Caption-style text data
#####

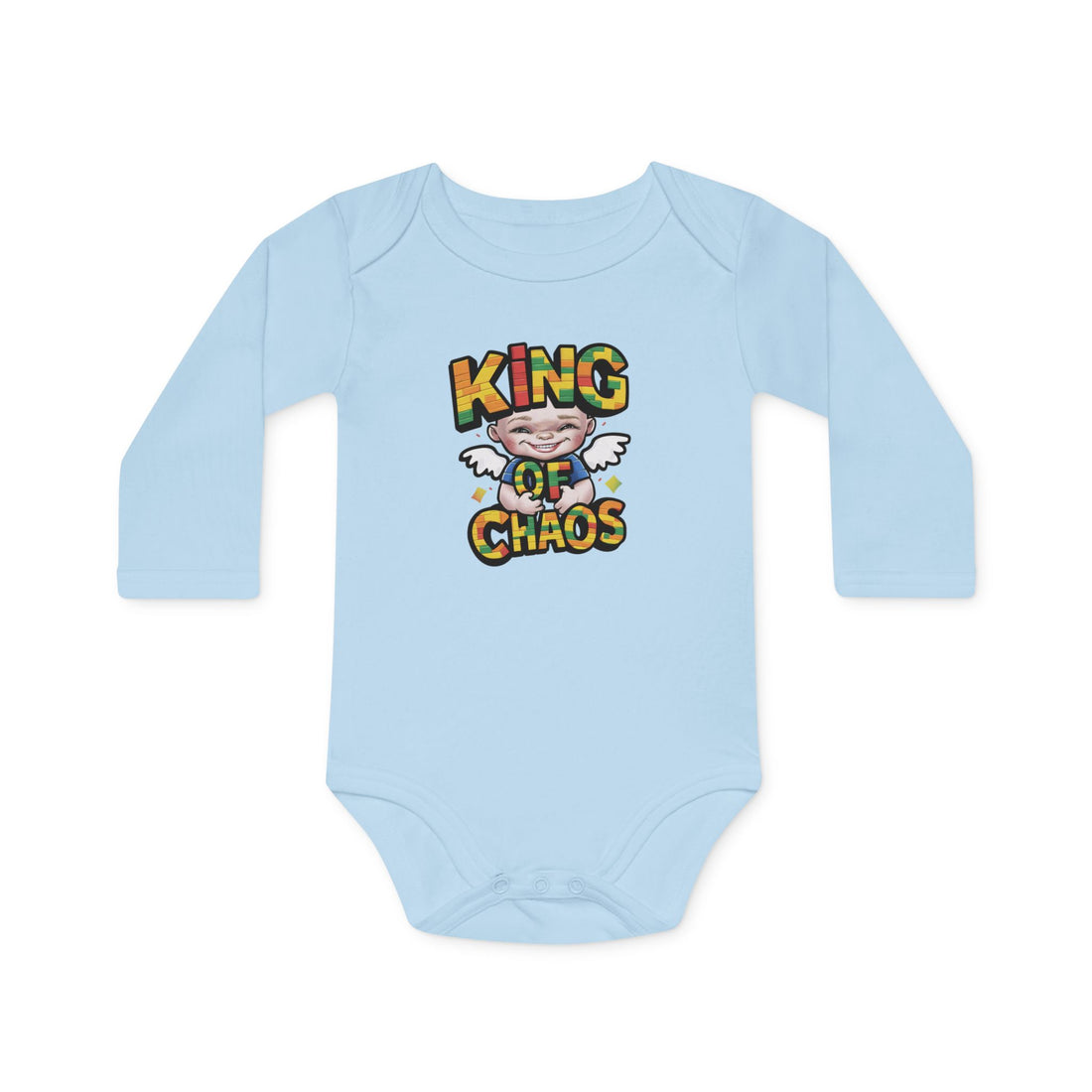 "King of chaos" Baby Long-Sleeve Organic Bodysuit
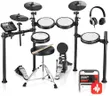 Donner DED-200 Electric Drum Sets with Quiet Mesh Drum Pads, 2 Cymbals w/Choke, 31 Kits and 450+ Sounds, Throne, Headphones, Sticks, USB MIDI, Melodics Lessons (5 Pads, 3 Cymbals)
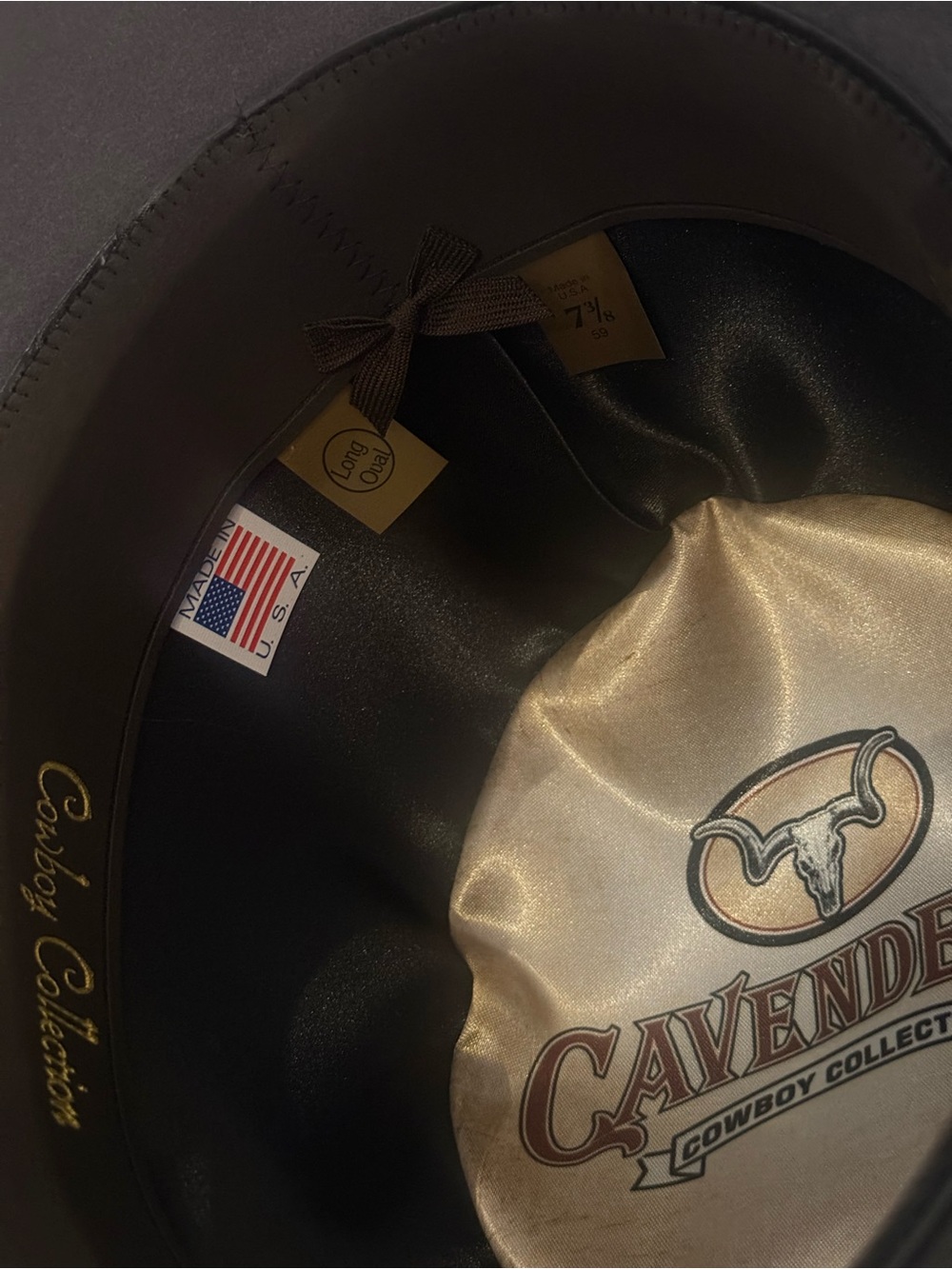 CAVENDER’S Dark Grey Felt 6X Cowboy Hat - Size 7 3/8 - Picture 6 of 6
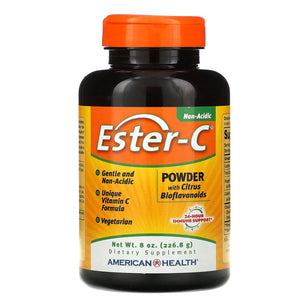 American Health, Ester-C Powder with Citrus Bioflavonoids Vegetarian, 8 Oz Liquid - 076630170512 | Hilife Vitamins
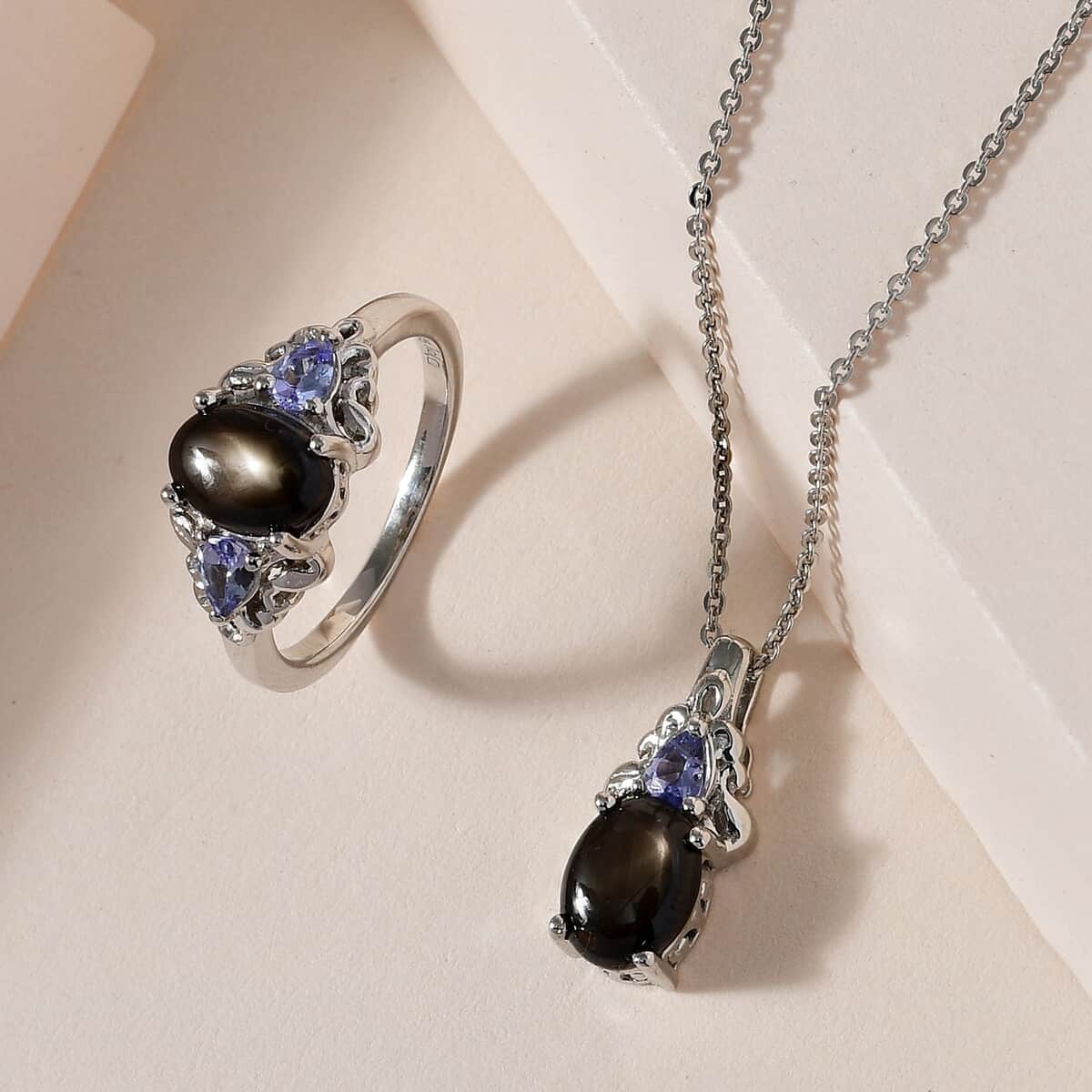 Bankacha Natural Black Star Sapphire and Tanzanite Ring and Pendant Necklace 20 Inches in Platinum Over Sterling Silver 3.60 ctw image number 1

#####

If an entry above holds a picture, leave that picture out and print the rest exactly.

» **Final answer**
 "King of chaos" Baby Long-Sleeve Organic Bodysuit
 Donner DED-200 Electric Drum Sets with Quiet Mesh Drum Pads, 2 Cymbals w/Choke, 31 Kits and 450+ Sounds, Throne, Headphones, Sticks, USB MIDI, Melodics Lessons (5 Pads, 3 Cymbals)
 CAVENDER’S Dark Grey Felt 6X Cowboy Hat - Size 7 3/8 - Picture 6 of 6
 American Health, Ester-C Powder with Citrus Bioflavonoids Vegetarian, 8 Oz Liquid - 076630170512 | Hilife Vitamins
 Bankacha Natural Black Star Sapphire and Tanzanite Ring and Pendant Necklace 20 Inches in Platinum Over Sterling Silver 3.60 ctw image number 1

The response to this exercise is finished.